Machine Learning based Models for Fresh Produce Yield and Price Forecasting for Strawberry Fruit

Okwuchi, Ifeanyi

Machine Learning based Models for Fresh Produce Yield and Price Forecasting for Strawberry Fruit

Files

Okwuchi_Ifeanyi.pdf (4.83 MB)

Date

2020-06-02

Authors

Okwuchi, Ifeanyi

Advisor

Ponnambalam, Kumaraswamy
Karray, Fakhri

Publisher

University of Waterloo

Abstract

Building market price forecasting models of Fresh Produce (FP) is crucial to protect retailers and consumers from highly priced FP. However, the task of forecasting FP prices is highly complex due to the very short shelf life of FP, inability to store for long term and external factors like weather and climate change. This forecasting problem has been traditionally modelled as a time series problem. Models for grain yield forecasting and other non-agricultural prices forecasting are common. However, forecasting of FP prices is recent and has not been fully explored. In this thesis, the forecasting models built to fill this void are solely machine learning based which is also a novelty. The growth and success of deep learning, a type of machine learning algorithm, has largely been attributed to the availability of big data and high end computational power. In this thesis, work is done on building several machine learning models (both conventional and deep learning based) to predict future yield and prices of FP (price forecast of strawberries are said to be more difficult than other FP and hence is used here as the main product). The data used in building these prediction models comprises of California weather data, California strawberry yield, California strawberry farm-gate prices and a retailer purchase price data. A comparison of the various prediction models is done based on a new aggregated error measure (AGM) proposed in this thesis which combines mean absolute error, mean squared error and R^2 coefficient of determination. The best two models are found to be an Attention CNN-LSTM (AC-LSTM) and an Attention ConvLSTM (ACV-LSTM). Different stacking ensemble techniques such as voting regressor and stacking with Support vector Regression (SVR) are then utilized to come up with the best prediction.
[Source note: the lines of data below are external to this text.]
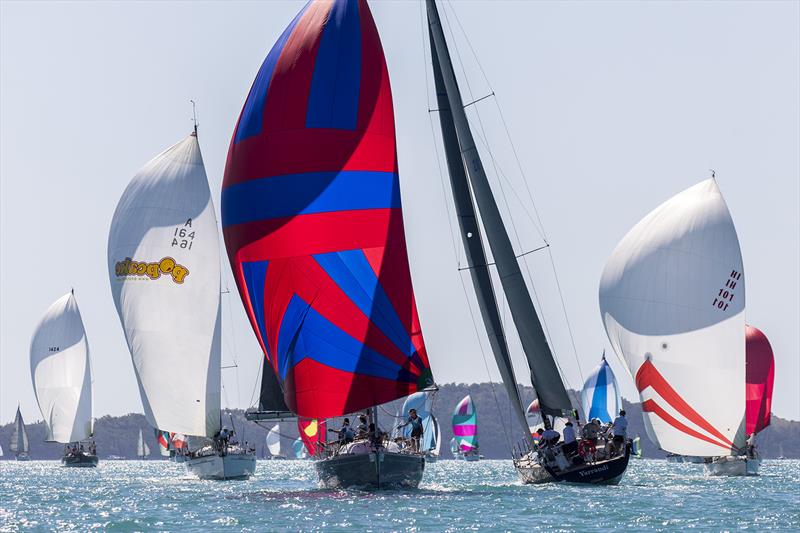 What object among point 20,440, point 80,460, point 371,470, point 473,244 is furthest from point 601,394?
point 20,440

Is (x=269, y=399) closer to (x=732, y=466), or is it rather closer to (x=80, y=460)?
(x=732, y=466)

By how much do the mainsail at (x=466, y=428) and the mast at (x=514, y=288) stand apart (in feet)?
230

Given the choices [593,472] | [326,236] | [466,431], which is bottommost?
[593,472]

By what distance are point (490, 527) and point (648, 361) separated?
14.4 meters

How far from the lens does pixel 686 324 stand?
35.4 metres

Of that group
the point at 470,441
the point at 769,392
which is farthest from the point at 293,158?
the point at 470,441

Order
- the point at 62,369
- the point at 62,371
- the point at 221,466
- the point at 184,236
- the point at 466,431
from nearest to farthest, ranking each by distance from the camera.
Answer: the point at 184,236
the point at 221,466
the point at 62,369
the point at 62,371
the point at 466,431

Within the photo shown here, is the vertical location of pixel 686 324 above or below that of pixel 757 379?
above

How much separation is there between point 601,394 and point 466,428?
34.6 m

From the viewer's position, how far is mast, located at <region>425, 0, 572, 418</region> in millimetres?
35125

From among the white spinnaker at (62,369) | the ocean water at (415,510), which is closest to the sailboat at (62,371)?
the white spinnaker at (62,369)

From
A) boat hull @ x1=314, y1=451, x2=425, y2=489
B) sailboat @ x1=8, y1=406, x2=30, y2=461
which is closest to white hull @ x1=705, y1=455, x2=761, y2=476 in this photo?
boat hull @ x1=314, y1=451, x2=425, y2=489

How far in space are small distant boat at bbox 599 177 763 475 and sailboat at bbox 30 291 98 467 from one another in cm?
3892

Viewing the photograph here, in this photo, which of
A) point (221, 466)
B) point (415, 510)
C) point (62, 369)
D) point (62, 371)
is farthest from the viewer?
point (62, 371) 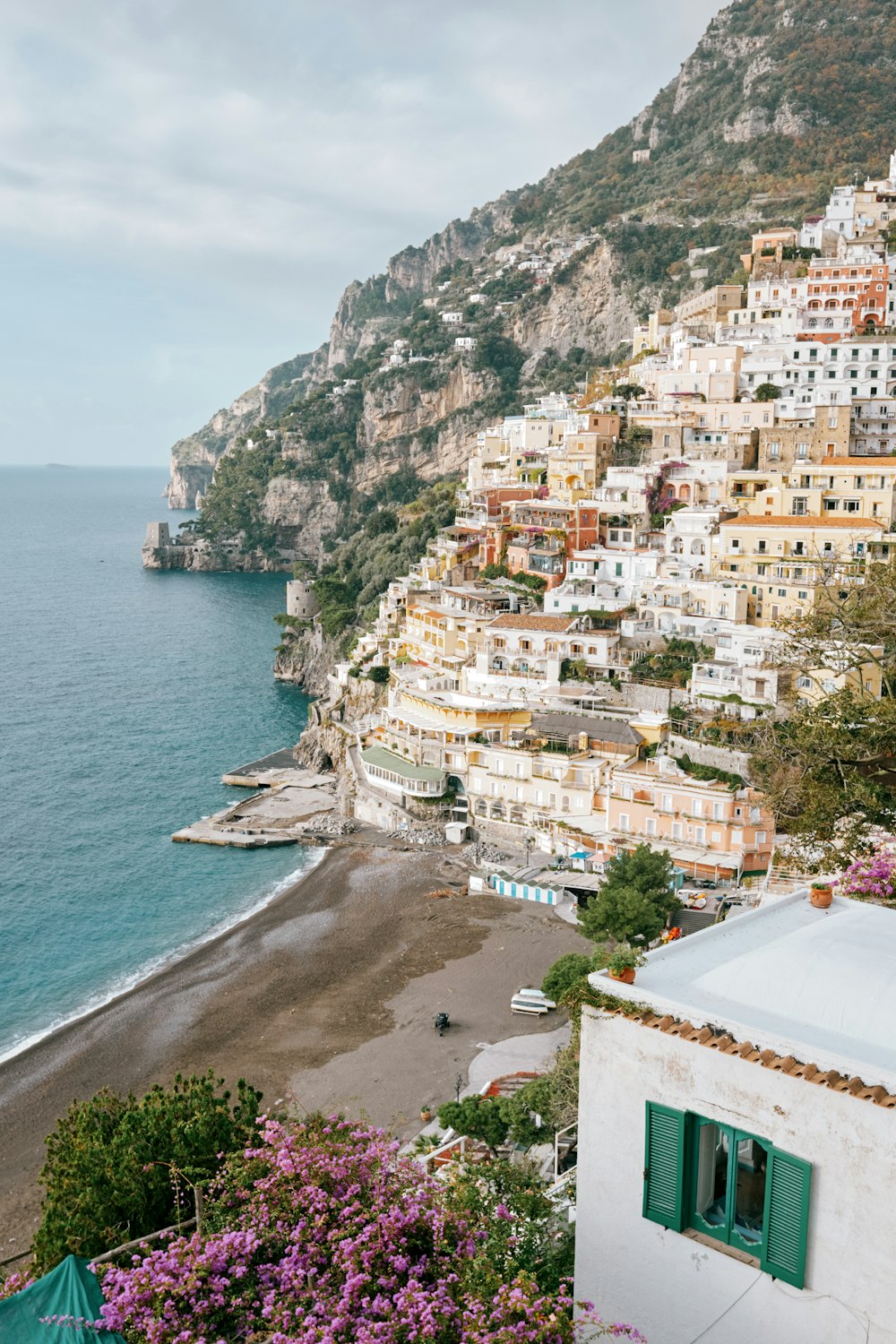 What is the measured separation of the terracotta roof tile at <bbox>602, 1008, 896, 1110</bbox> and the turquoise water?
72.5 ft

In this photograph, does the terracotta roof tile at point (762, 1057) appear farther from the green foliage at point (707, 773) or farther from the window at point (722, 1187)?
the green foliage at point (707, 773)

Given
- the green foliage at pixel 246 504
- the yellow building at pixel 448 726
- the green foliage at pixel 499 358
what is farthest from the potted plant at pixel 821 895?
the green foliage at pixel 246 504

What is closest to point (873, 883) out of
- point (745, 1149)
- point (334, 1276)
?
point (745, 1149)

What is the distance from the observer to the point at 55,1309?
301 inches

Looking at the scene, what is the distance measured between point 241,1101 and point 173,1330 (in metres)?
5.30

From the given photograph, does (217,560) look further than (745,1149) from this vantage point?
Yes

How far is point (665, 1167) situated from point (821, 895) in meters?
3.15

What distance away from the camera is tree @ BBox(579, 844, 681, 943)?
83.1 ft

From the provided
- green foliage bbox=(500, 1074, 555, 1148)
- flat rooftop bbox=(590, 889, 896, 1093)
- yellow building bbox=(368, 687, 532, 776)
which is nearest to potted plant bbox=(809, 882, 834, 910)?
flat rooftop bbox=(590, 889, 896, 1093)

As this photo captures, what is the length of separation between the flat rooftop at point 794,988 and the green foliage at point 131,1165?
514 cm

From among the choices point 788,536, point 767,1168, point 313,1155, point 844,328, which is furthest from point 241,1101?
point 844,328

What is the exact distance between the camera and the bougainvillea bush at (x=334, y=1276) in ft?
22.6

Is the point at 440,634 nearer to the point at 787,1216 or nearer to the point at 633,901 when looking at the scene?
the point at 633,901

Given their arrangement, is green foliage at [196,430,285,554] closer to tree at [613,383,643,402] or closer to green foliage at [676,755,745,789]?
tree at [613,383,643,402] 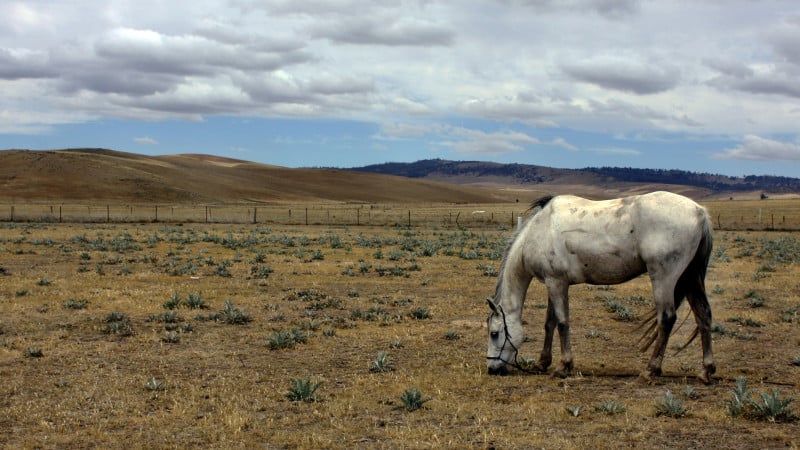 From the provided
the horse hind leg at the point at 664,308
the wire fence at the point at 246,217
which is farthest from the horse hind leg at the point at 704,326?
the wire fence at the point at 246,217

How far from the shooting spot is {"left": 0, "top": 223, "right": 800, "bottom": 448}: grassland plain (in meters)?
7.70

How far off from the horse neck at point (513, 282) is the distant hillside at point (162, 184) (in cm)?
11422

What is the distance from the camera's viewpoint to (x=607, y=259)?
971 centimetres

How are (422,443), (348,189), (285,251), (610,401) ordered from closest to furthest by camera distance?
(422,443), (610,401), (285,251), (348,189)

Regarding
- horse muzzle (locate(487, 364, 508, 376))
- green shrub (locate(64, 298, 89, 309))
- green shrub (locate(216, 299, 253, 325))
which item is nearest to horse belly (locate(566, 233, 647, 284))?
horse muzzle (locate(487, 364, 508, 376))

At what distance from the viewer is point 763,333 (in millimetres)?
13633

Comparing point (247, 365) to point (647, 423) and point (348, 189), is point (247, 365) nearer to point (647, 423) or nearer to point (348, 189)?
point (647, 423)

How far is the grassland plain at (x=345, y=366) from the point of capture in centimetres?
770

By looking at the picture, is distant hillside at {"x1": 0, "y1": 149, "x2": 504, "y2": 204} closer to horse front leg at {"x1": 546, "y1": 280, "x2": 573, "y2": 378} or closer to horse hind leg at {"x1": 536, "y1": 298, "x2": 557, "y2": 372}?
horse hind leg at {"x1": 536, "y1": 298, "x2": 557, "y2": 372}

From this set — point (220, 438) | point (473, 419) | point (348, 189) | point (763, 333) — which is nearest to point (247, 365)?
point (220, 438)

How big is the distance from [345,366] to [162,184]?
422ft

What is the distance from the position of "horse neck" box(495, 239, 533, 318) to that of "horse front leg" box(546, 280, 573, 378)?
431mm

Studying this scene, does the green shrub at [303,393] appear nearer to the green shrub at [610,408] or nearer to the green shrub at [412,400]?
the green shrub at [412,400]

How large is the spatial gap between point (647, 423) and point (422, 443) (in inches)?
107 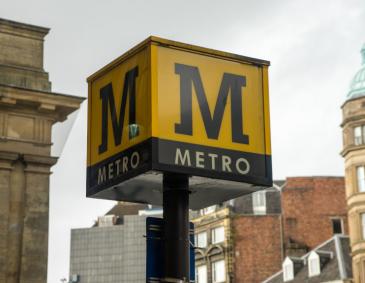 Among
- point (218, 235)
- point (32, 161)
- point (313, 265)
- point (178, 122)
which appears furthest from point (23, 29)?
point (218, 235)

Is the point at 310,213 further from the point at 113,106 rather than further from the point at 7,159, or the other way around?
the point at 113,106

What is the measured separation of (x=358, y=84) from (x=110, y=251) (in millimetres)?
71396

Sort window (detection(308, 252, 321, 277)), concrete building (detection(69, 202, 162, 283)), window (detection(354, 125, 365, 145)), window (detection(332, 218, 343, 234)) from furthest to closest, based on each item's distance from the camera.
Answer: concrete building (detection(69, 202, 162, 283)) < window (detection(332, 218, 343, 234)) < window (detection(308, 252, 321, 277)) < window (detection(354, 125, 365, 145))

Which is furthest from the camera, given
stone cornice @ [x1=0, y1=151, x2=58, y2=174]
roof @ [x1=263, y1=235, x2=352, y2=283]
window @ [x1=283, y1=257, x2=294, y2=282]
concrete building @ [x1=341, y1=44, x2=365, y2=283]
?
window @ [x1=283, y1=257, x2=294, y2=282]

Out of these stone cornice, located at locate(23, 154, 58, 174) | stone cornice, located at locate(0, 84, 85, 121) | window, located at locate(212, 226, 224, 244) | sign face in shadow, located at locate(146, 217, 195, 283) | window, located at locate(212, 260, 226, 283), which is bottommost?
sign face in shadow, located at locate(146, 217, 195, 283)

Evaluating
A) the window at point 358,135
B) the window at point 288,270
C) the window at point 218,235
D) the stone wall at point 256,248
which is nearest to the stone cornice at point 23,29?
the window at point 358,135

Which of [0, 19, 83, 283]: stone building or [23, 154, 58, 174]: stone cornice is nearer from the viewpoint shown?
[0, 19, 83, 283]: stone building

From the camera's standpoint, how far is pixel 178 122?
680 cm

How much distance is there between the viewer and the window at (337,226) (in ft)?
219

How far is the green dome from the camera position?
5741 cm

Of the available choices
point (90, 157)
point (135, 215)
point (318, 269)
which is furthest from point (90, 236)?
point (90, 157)

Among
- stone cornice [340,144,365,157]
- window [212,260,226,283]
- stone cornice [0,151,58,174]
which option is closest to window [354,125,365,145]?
stone cornice [340,144,365,157]

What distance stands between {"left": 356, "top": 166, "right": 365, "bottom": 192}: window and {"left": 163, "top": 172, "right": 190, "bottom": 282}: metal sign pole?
50931 mm

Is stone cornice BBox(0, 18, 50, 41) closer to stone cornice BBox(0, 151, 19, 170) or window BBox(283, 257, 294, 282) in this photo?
stone cornice BBox(0, 151, 19, 170)
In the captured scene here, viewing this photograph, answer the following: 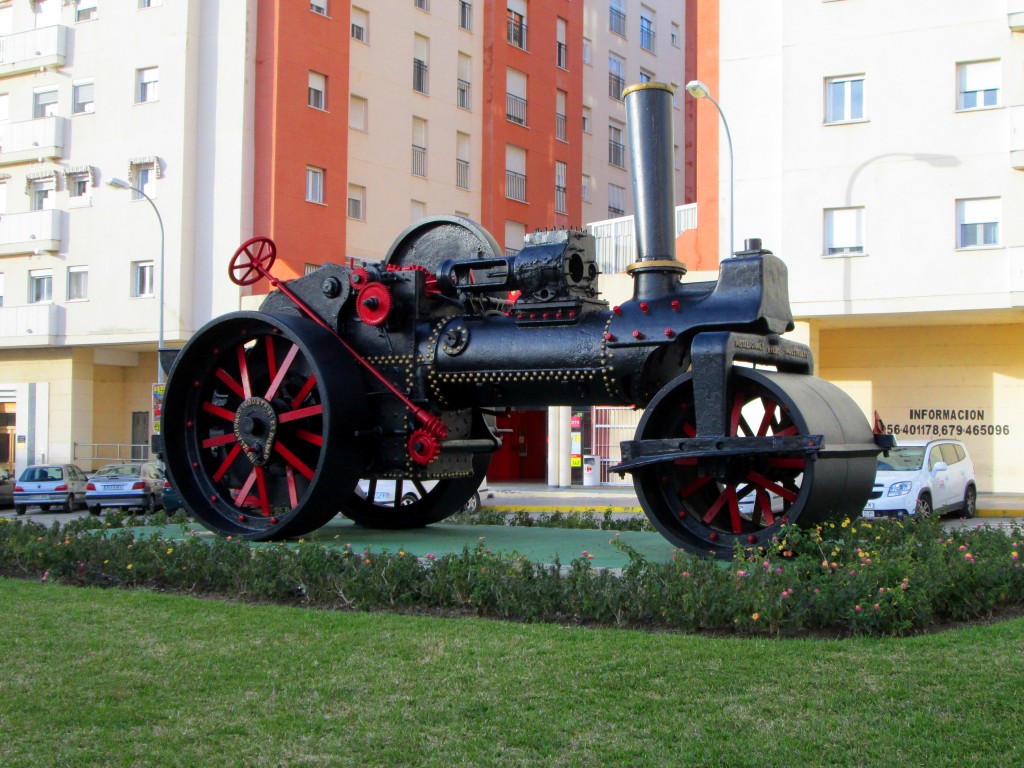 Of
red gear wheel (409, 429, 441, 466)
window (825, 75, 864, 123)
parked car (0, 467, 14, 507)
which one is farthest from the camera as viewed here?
parked car (0, 467, 14, 507)

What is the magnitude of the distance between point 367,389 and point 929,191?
19.6 m

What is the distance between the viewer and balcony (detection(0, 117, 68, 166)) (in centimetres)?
3766

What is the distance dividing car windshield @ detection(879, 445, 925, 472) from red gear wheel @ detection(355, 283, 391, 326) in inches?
492

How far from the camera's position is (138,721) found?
6.15m

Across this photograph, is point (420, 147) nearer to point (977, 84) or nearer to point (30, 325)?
point (30, 325)

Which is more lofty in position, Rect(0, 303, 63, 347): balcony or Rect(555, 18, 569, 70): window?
Rect(555, 18, 569, 70): window

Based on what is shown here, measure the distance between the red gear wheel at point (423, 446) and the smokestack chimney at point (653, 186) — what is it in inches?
96.7

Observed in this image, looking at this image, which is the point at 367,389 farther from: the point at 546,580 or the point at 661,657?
the point at 661,657

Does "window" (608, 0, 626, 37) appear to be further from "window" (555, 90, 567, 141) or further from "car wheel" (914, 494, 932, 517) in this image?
"car wheel" (914, 494, 932, 517)

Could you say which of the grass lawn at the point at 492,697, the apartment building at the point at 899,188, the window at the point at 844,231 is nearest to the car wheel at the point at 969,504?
the apartment building at the point at 899,188

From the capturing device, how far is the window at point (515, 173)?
143 ft

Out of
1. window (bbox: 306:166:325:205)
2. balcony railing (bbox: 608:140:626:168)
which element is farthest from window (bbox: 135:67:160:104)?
balcony railing (bbox: 608:140:626:168)

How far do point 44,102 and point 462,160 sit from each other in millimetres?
13507

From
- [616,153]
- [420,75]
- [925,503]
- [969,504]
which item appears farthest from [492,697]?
[616,153]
The experiment results show that across the various examined applications, the proposed model which is a stacking ensemble of the AC-LSTM and ACV-LSTM using a linear SVR is the best performing based on the proposed aggregated error measure. To show the robustness of the proposed model, it was used also tested for predicting WTI and Brent crude oil prices and the results proved consistent with that of the FP price prediction.